Di lokasi terpisah, seorang pemuda bernama Arifin (Deva Mahenra)- seorang analis BMKG - melihat kondisi cuaca yang terjadi sudah melewati batas normal dan terus berdebat dengan Hadi (Ferry Salim) - atasannya mengenai apa yang harus dilakukan. Ia merasa bencana banjir yang jauh lebih besar akan terjadi bila kondisi cuaca tidak diantisipasi. Di saat sedang melakukan beberapa antisipasi penanggulangan bencana, kembali ia dipertemukan dengan Addri. Pada saat bersamaan, kekasih Arifin, Denanda (Acha Septriasa) seorang dokter juga tak mau tinggal diam membantu menyelamatkan nyawa penduduk.
Cuaca terus memburuk, hujan badai tak henti menerpa dan banjir siap menenggelamkan Jakarta. Sepak terjang Addri dan Arifin dalam menangani bencana dan mencari cara untuk menanggulanginya begitu menegangkan. Di tengah tantangan tinggi yang hampir membuat putus asa, Addri dan Arifin dipertemukan dengan Prof. Dr. Irwan Pongky (Yayu Unru) ahli sejarah yang menguasai pengetahuan terowongan bawah tanah buatan Belanda dan menjadi kunci bagi pemecahan masalah bencana banjir yang dihadapi kota Jakarta.
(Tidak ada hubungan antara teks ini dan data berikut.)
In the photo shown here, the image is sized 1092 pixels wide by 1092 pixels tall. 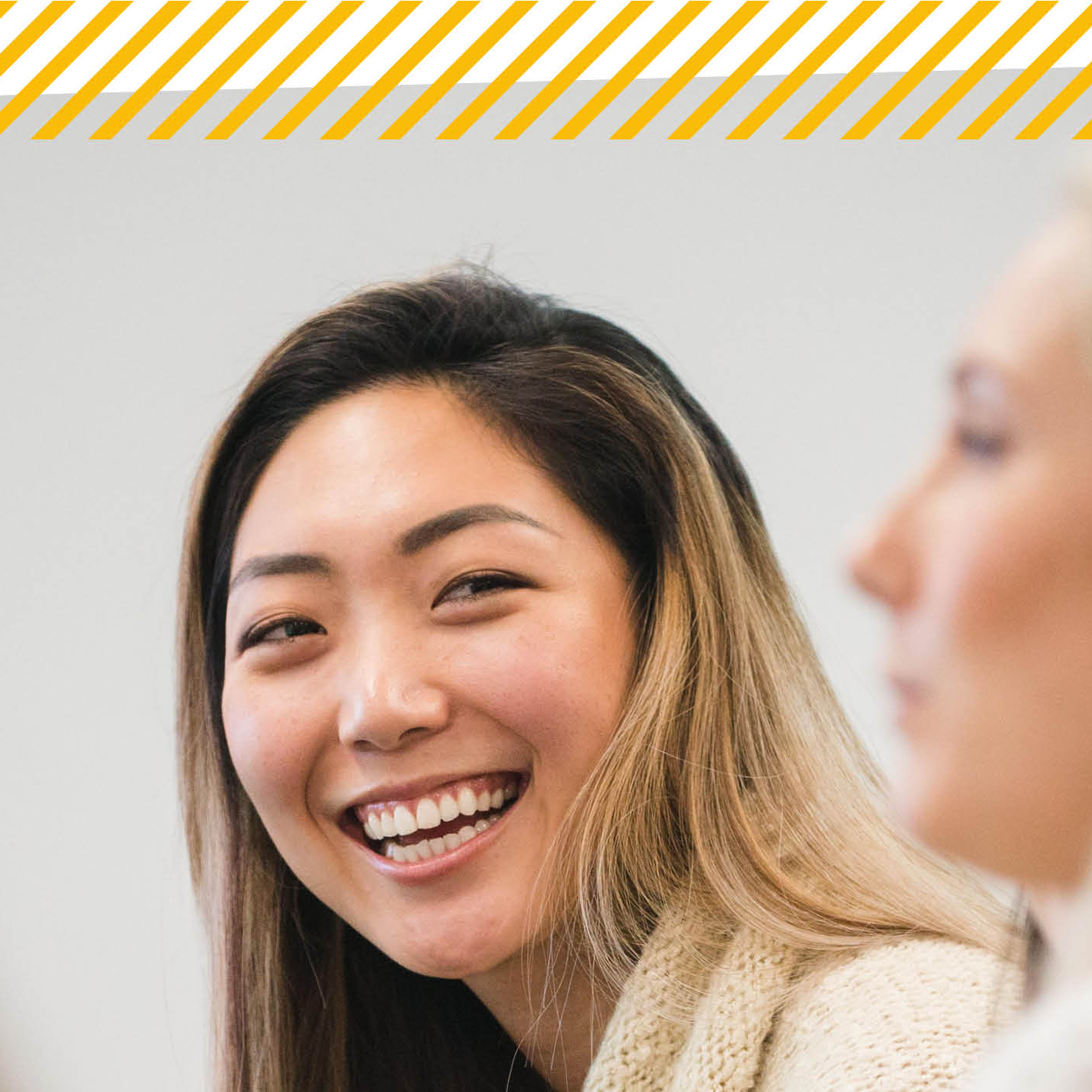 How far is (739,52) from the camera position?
1.12 metres

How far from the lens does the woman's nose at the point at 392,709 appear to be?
2.63 feet

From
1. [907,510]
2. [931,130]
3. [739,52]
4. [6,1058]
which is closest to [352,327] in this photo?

Seluruh pihak yang berjuang untuk dapat meminimalisir korban dan menguasai situasi juga didukung penuh oleh Pemerintah Provinsi DKI Jakarta yang dipimpin oleh Gubernur (Donny Damara) secara bijaksana dan dihormati oleh seluruh warganya.
Mengharukan saat Addri harus memilih antara menyelamatkan keluarganya sendiri atau penduduk Jakarta. Dalam kondisi bencana seperti itu, istri Addri, Indri (Putri Ayudya, Wajah Femina 2008) menjadi contoh wanita yang tabah dan memiliki kebesaran hati mendukung pekerjaan suaminya. Sikapnya yang memahami kesibukan Addri sebagai anggota tim SAR Nasional yang begitu menyita waktu bisa jadi pelajaran bagi wanita yang memiliki kondisi sama.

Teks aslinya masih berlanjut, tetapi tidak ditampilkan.